----- Material supplied -----

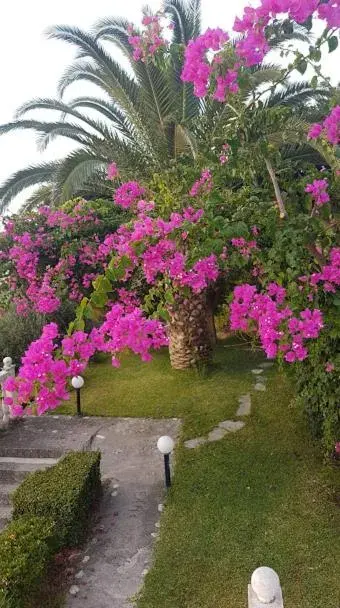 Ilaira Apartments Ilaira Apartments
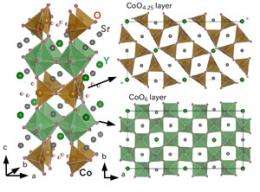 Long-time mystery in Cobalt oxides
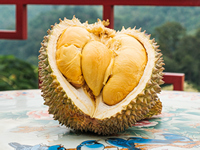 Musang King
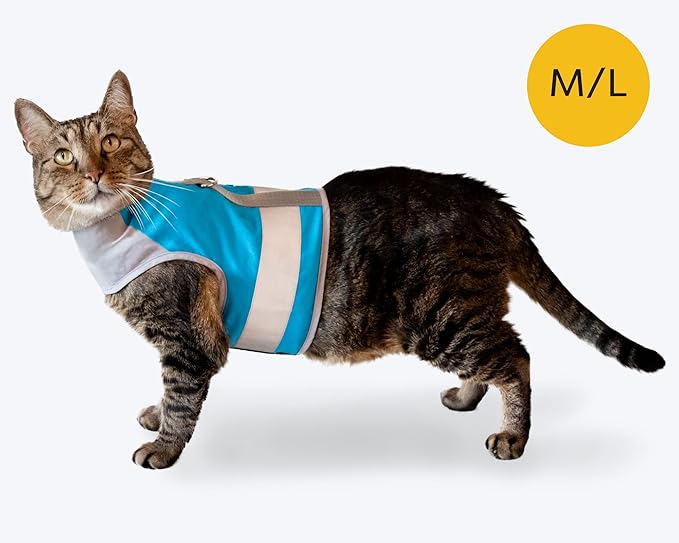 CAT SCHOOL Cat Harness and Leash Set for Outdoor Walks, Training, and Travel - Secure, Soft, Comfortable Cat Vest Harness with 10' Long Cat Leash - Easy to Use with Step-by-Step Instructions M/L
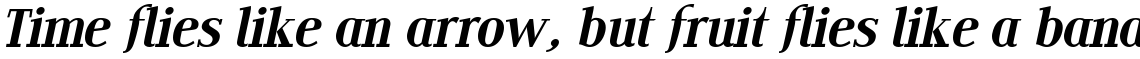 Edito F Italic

-----
----- Material supplied -----

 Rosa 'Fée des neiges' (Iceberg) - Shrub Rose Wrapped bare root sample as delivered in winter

-----

→ Problem requirements:
Look above and copy only the lines from the one holding "Musang King" to the one holding "Edito F Italic", both included, exactly, minus the pictures.

→ Output for this exercise:
 Musang King
 CAT SCHOOL Cat Harness and Leash Set for Outdoor Walks, Training, and Travel - Secure, Soft, Comfortable Cat Vest Harness with 10' Long Cat Leash - Easy to Use with Step-by-Step Instructions M/L
 Edito F Italic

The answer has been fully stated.